In army flight school, specifically aeromedical training, he was taught the effects of aviation on the body. One of the first lessons they learned in their training was how to recognize the early warning signs of hypoxia. These include shortness of breath, dysphoria, nausea, vomiting and lightheadedness. This type of training is often done in altitude chambers, so trainees can experience these effects before they are in the air, including how aviation can affect your vestibular senses. A position change as simple as looking down to change a radio or instrument can completely disorient a pilot due to the change in direction of the fluid within the inner ear against the cilia. This can lead to the sensation that the plane has rotated and flying sideways. They are taught to trust their instruments because an overcorrection can lead to what they teach in flight school as a “death spiral.” The training is often done in a Barany Chair and simulates vestibular senses experienced during flight.

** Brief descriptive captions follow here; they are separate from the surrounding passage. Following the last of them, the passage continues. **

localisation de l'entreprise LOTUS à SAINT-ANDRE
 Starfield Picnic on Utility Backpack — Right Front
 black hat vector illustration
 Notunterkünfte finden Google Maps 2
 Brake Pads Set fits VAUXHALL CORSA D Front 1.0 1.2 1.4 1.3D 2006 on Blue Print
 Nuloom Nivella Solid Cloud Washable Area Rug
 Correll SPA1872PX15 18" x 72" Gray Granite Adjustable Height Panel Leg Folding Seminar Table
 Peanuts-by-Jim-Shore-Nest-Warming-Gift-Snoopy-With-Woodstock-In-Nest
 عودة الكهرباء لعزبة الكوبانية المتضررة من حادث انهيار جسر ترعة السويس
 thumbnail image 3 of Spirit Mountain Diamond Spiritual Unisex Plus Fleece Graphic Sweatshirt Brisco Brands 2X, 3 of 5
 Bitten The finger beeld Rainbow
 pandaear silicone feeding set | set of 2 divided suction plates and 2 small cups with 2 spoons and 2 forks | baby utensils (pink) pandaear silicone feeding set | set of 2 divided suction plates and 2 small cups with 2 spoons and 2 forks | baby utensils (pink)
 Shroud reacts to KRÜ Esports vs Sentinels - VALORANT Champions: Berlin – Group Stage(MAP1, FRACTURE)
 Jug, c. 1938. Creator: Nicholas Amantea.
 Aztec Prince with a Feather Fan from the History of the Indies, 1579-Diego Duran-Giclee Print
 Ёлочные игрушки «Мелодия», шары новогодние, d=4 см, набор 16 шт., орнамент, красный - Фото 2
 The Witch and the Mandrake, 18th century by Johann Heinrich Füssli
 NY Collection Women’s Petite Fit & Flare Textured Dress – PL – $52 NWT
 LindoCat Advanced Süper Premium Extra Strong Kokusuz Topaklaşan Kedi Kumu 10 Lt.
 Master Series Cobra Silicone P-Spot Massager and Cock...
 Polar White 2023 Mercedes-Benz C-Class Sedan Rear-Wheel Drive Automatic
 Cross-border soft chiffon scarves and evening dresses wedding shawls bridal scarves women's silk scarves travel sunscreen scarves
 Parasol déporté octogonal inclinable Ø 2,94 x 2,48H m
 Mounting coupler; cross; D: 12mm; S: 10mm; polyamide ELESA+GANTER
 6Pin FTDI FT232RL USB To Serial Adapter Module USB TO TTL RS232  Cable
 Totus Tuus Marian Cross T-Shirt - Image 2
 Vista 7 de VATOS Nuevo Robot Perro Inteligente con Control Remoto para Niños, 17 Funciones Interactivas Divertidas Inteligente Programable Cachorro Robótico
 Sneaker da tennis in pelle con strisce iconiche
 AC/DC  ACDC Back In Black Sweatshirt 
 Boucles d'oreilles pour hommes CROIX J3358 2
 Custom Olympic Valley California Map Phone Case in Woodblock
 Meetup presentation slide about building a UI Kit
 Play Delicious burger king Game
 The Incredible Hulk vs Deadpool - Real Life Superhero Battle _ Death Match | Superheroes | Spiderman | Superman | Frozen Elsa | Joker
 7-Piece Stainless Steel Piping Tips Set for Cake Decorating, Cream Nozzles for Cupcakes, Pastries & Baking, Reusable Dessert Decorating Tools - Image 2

Elevation in Summit County, Colorado ranges from 7,947 feet to 14,270 feet, the highest peak being Gray’s Peak. With people living as high as 11,200 feet, as Andrew does at his home in Blue River located south of of Breckenridge, CO.  Andrew shared some very interesting aviation altitude requirements which might surprise some. He spent much of his career operating non-pressurized helicopters and Federal Aviation Regulations prohibited him from going between 10,000 feet to 12,000 feet for more than 30 minutes without oxygen. When flying above 12,000 feet, pilots are required to have supplemental oxygen regardless of the amount of time spent at that elevation depending on the category of aviation being conducted such as commercial operations. This is according to the CFR (Code of Federal Regulations) Part 135 which governs commercial aircraft operations. How interesting is it that pilots have these regulations, yet many people who live in Summit County or those summiting 14ers (peaks at 14,000 ft. or above) are at or above these elevations with no supplemental oxygen on a daily basis. When flying private aircraft, CFR part 91.211 specifies flight crew can fly without pressurization or supplemental O2 below 14,000 feet and passengers below 15,000 feet.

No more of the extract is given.